Jamaicans in, Irish out of Multicultural Festival
The Irish pavilion won’t be taking part in the 16th annual festival, which runs from Jan. 31 to Feb. 2. It has been part of the festival since it began.
Meanwhile, the city’s growing Jamaican community has decided to host a pavilion next year, while the Mauritius pavilion is returning after a one-year hiatus.
“This year there were just too many things seemingly against us,” said Tyler Foster, second vice-president of the Irish Society of Western Manitoba.
“The main reason is volunteer fatigue,” Foster said. “Our numbers are getting smaller in the Irish Society.”
“It’s a monumental undertaking.”
Foster said the board will decide on a year-to-year basis whether they will participate in the festival.
“It’s upsetting not to be able to do it,” Foster added, “but at the same time, there is a sense of relief.”
He noted the Irish Society will still be putting on its annual St.
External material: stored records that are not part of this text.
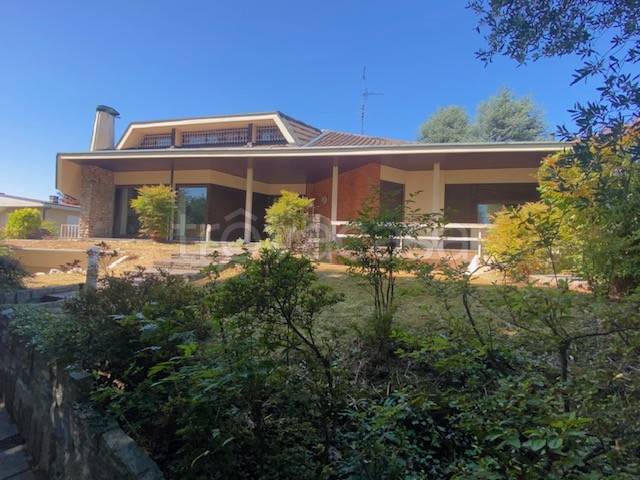 immagine annuncio 5 di 7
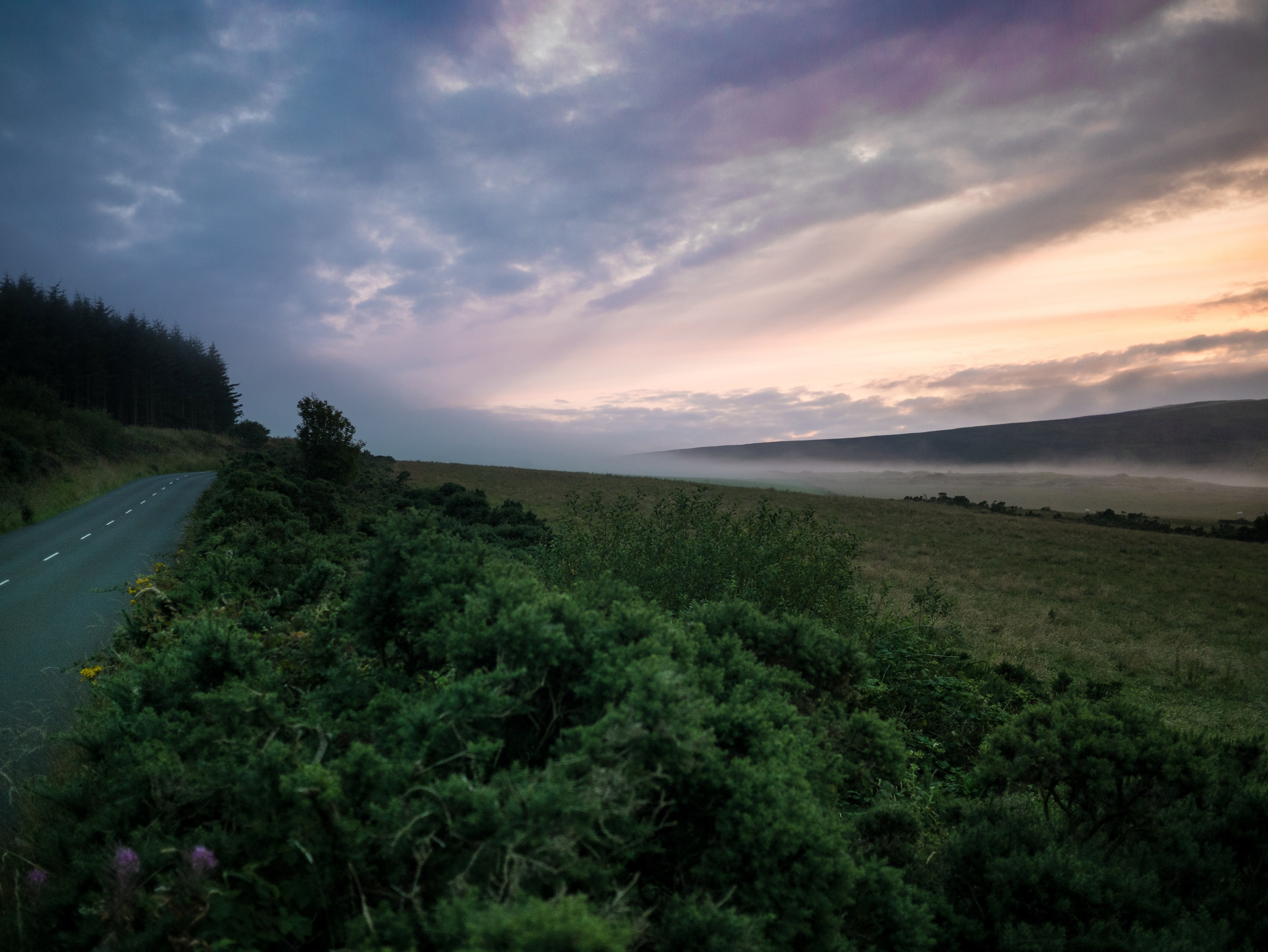 roadside cloudy highway and wood 4k, HD Wallpaper
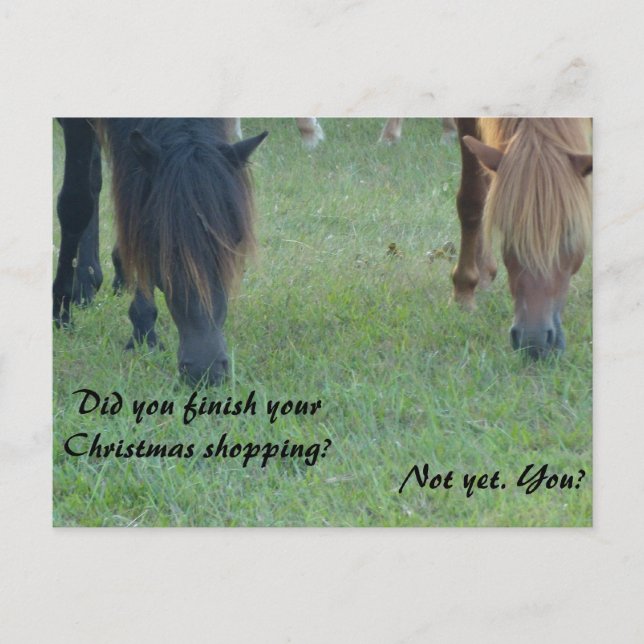 Assateague ponies Christmas cards and stamps (Front)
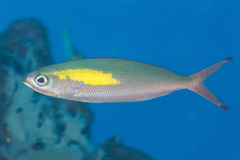 Pterocaesio randalli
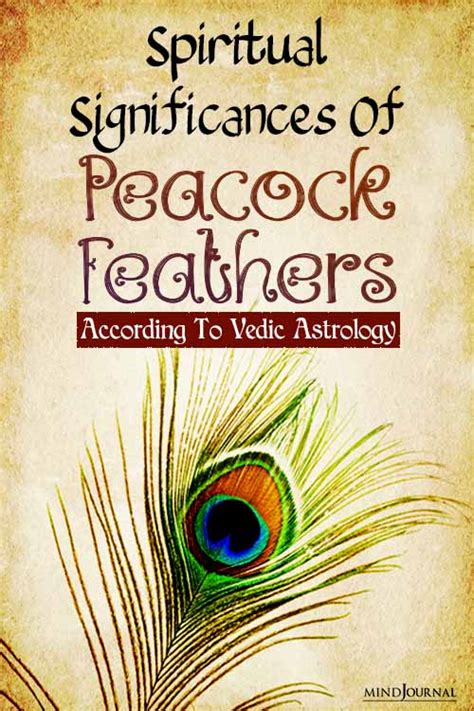 Peacock 2025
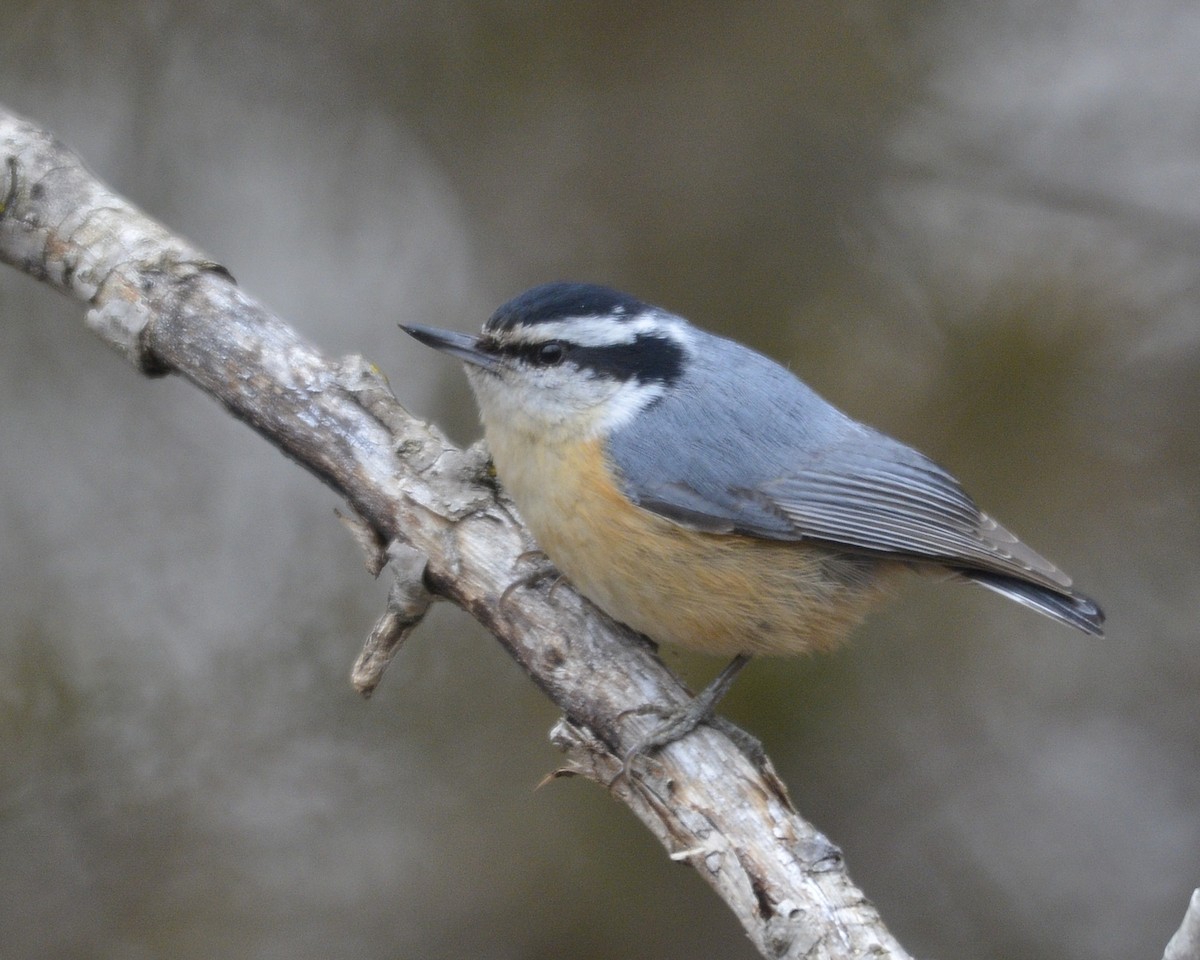 Red-breasted Nuthatch - ML427948241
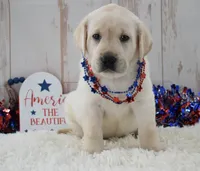 Faith , a female Labrador Retriever for sale in Downing, MO – 8 of 8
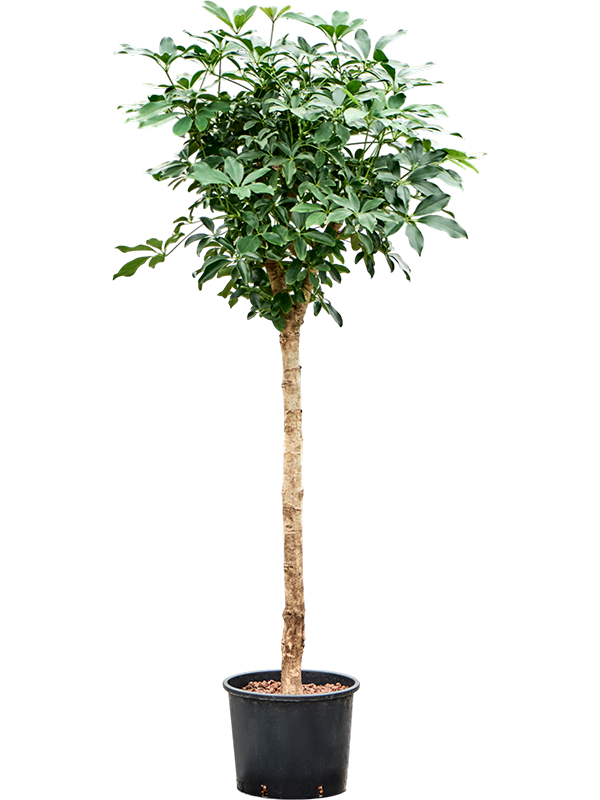 Planta naturala de interior Stem D60xH150cm Schefflera arboricola 'Compacta' P28/24cm in hidrogranule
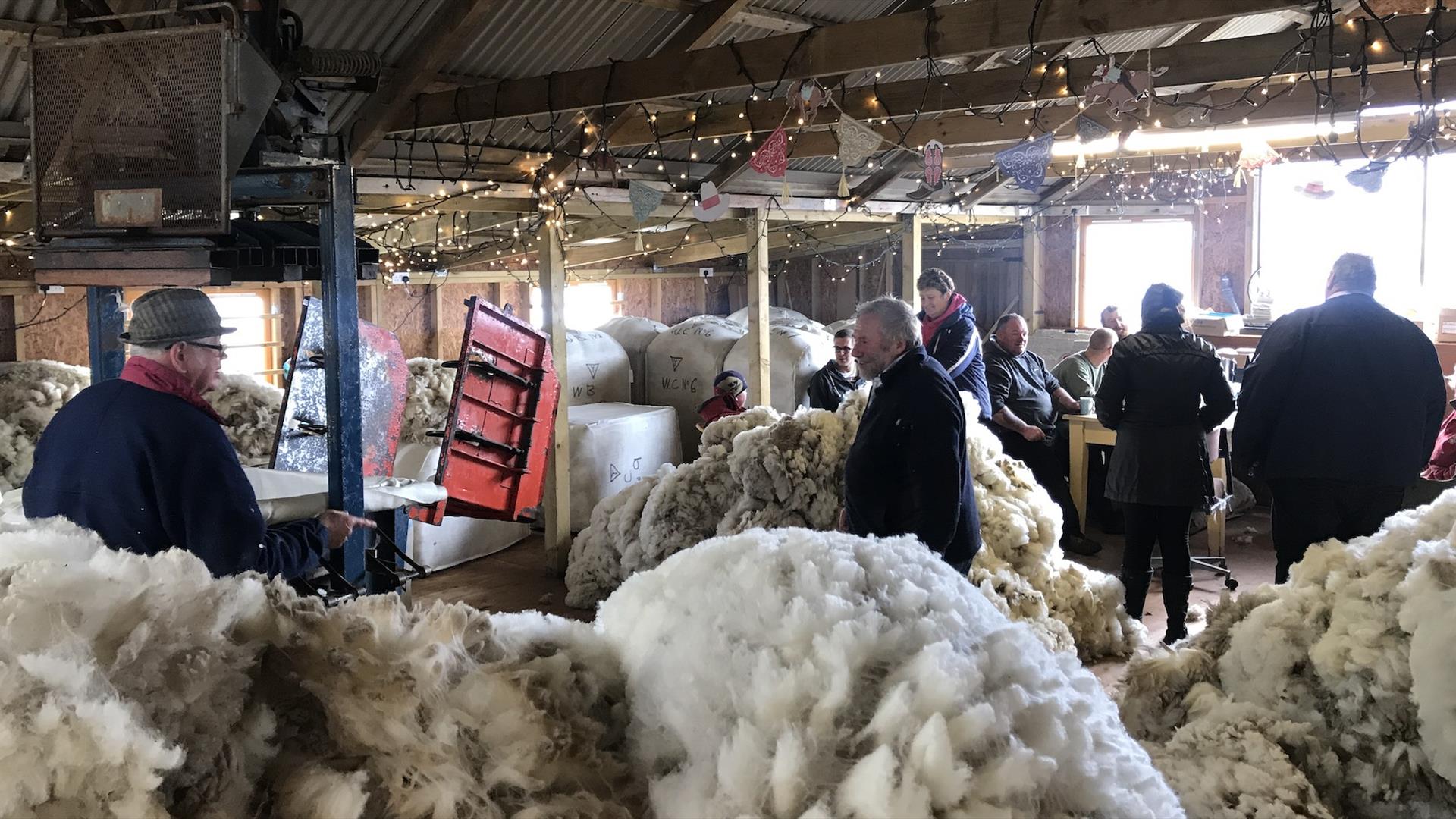 WHAT JOBS ARE IN THE FALKLAND ISLANDS visual data 5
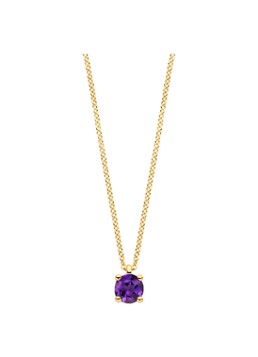 Blush Dames Ketting van 14 karaat geelgoud met amethist 3200YAM in de kleur Geelgoud
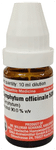 Dr Willmar Schwabe Germany Symphytum Officinale Dilution 50M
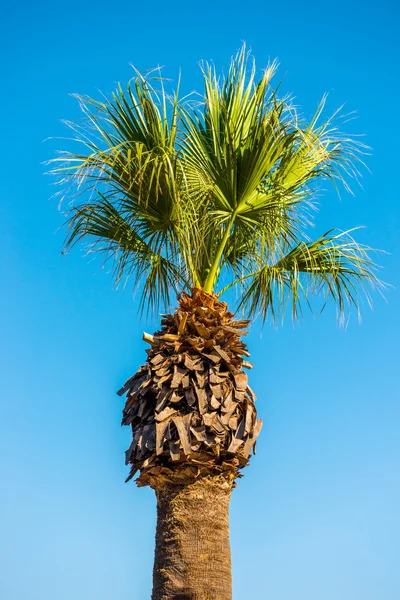 Palmeras altas contra el cielo azul —  Fotos de Stock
Patrick’s Day dinner.
“We’ve done that for 29 years. We’re not going to stop that.”
A lot of hard work goes into hosting a pavilion, said festival chairman Richard Bruce — not just the three days of the event, but the months that are spent getting prepared, and for some it can get to be too much.
“It doesn’t matter which pavilion you’re in, if they go for the three nights, that’s a tremendous amount of work, and it’s literally built on the back of volunteers,” Bruce said.
The festival is run by hundreds of volunteers recruited by the various cultural societies and associations that host the pavilions.
Bruce noted the Mauritius community is already very active in the city.
“They celebrate lots of things, because Mauritius is actually a multicultural country,” Bruce said.
“I think they decided they were so busy, it was just time for a hiatus (last year).”
Emelio Brown, president of Westman Jamaican Community Inc., said they finally have enough volunteers to host their own pavilion on the Friday and Saturday at Prairie Oasis Senior Centre.
“This will be quite a milestone for us,” said Brown. “We are making history here.”
Brown said the pavilion will feature live reggae music as well as dancing and, of course, jerk chicken and pork.
Brown said the board decided to try it over two days rather than three for the first year.
In addition to Jamaica and Mauritius, England, Honduras, India, Métis, Mexico, Philippines, Scotland and Ukraine will be hosting pavilions.
Festival-goers to the signature winter event in Brandon can enjoy food, beverages, entertainment, art and customs from around the world as they visit the various pavilions.
“You’ll have a really good time,” Bruce promised.
He noted many of the pavilions are within walking distance of one another, depending on the weather.
“When it all comes together, it’s quite an experience,” he said.
It is estimated that between 26,000 to 30,000 people attend the event each year.
Foster, who is also treasurer of the Westman Multicultural Festival, said the numbers had been declining over the past few years.
“People are maybe choosing to stay home more,” Foster said, adding last year saw a reversal of that trend, staying on par with the year before.
“We’re trying hard,” he said. “We’re adding new pavilions, we’re getting a better website. We’re getting the message out there through a lot of social media and we’re getting a lot of donations in to help the pavilions.”
Admission to each pavilion is free and free bus service will also be available (including Handi-Transit).